> [EXERCISE]: Pictures within the data are to be left out; everything else must be reproduced exactly.
Segment Start: DATASET CONTENT
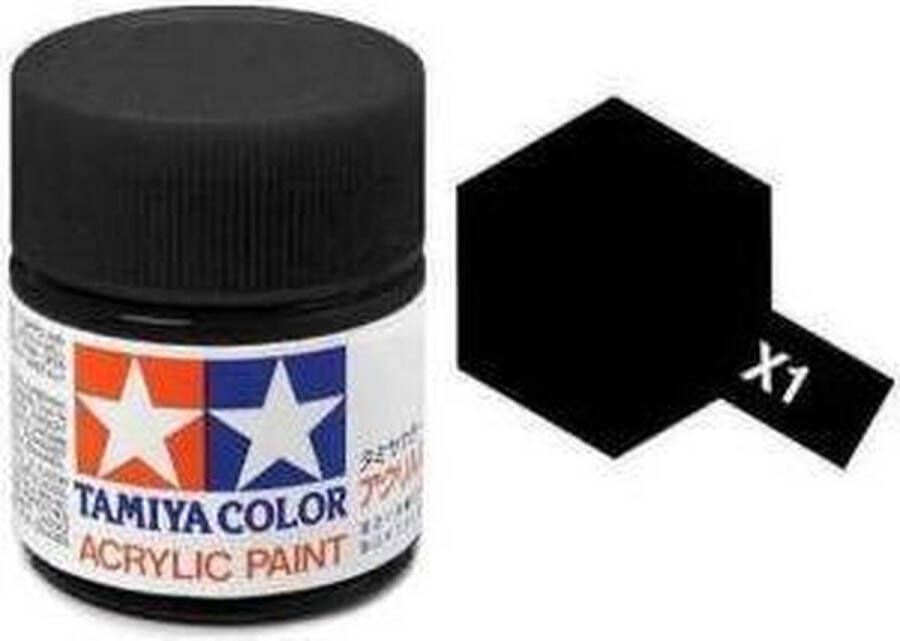 Tamiya X-1 Black Gloss Acryl 23ml Verf potje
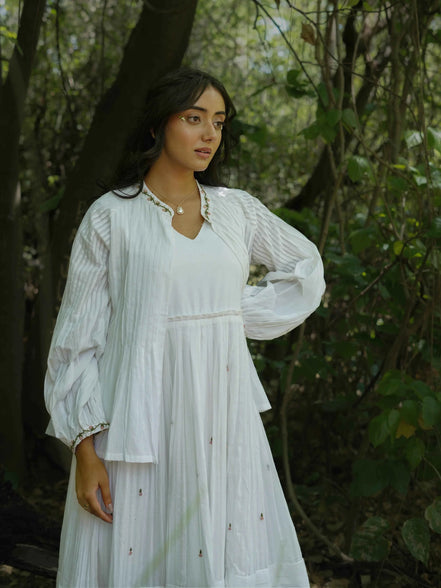 Serphina Set - Dress and Jacket - White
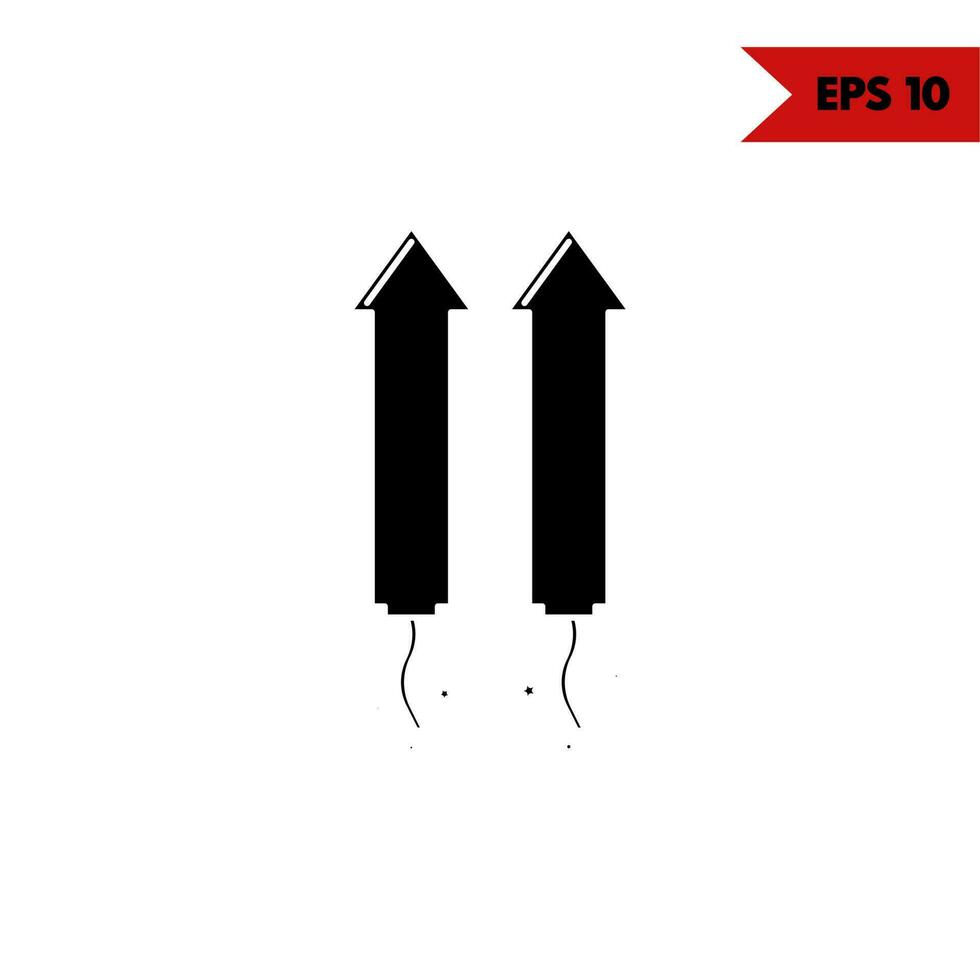 illustration de l'icône de glyphe de pétard vecteur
Segment End: DATASET CONTENT
> [YOUR SOLUTION]:
 Tamiya X-1 Black Gloss Acryl 23ml Verf potje
 Serphina Set - Dress and Jacket - White
 illustration de l'icône de glyphe de pétard vecteur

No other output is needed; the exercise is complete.